1

I am having trouble around certain aspects of the Keras implementation of LSTM. This is a description of my problem:

I am trying to train a model for word correctness prediction. My model has two types of inputs:

  1. A word sequence (sentence)
  2. And a sequence of features vector (for each word I compute a features victor of 6).

e.g.

input_1 = ['we', 'have', 'two', 'review'] 
input_2 = [
           [1.25, 0.01, 0.000787, 5.235, 0.0, 0.002091], 
           [ 0.0787, 0.02342, 5.4595, 0.002091, 0.003477, 0.0], 
           [0.371533, 0.529893, 0.371533, 0.6, 0.0194156, 0.003297],
           [0.471533, 0.635, 0.458, 0.7, 0.0194156, 0.0287]
          ] 

 gives output = [1, 1, 2, 1]

As each sentence in my training set has different length, I should zero-pad all of my sentences such that they all have the same length.

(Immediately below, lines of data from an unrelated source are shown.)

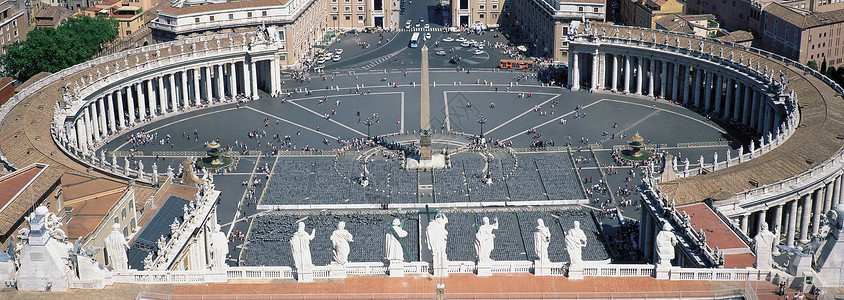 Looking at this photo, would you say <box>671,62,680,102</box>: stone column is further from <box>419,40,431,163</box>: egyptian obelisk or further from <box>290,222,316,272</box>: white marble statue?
<box>290,222,316,272</box>: white marble statue

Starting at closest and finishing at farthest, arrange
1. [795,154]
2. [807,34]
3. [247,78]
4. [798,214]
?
[798,214] → [795,154] → [807,34] → [247,78]

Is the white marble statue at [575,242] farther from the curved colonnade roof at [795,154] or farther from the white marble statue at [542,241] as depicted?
the curved colonnade roof at [795,154]

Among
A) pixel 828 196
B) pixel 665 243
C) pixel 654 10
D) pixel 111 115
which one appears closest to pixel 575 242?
pixel 665 243

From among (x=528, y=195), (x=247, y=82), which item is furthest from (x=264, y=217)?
(x=247, y=82)

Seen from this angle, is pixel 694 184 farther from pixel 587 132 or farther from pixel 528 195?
pixel 587 132

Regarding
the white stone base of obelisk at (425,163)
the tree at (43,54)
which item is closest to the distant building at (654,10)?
the white stone base of obelisk at (425,163)

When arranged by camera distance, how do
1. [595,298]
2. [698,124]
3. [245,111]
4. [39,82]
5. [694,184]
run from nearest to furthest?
[595,298]
[694,184]
[39,82]
[698,124]
[245,111]

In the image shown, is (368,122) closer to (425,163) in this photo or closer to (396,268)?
(425,163)

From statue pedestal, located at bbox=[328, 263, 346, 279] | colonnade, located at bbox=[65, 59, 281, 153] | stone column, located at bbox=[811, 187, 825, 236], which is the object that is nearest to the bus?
colonnade, located at bbox=[65, 59, 281, 153]
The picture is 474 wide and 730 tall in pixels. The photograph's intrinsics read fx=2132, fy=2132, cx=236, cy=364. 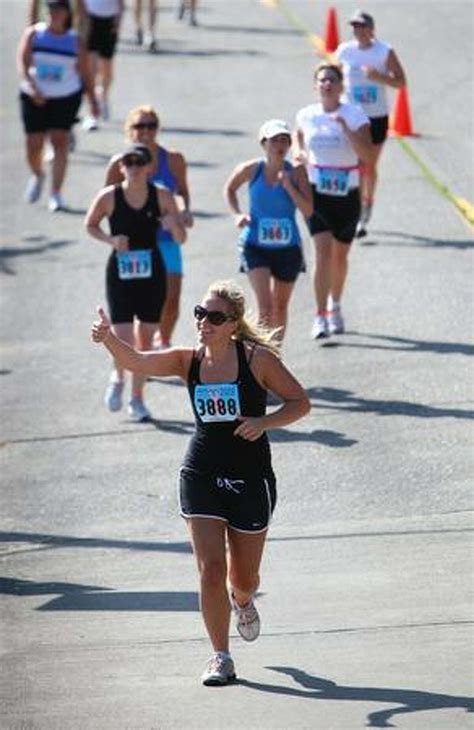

My question is how about the second input, should I do padding! and how? as they are vectors.

Model Architecture :

input1 = Input(shape=(seq_length,), dtype='int32')
emb = Embedding(input_dim=num_words, output_dim = num_dimension, 
input_length=seq_length, weights=[embeddings], mask_zero=True,trainable=False)(input_layer)

input2 = Input(shape=(seq_length,6 ))
x = keras.layers.concatenate([emb, input2],axis=2)

lstm = LSTM(64, return_sequences=True)(x)
ackwards = LSTM(128, return_sequences=True, go_backwards=True)(x)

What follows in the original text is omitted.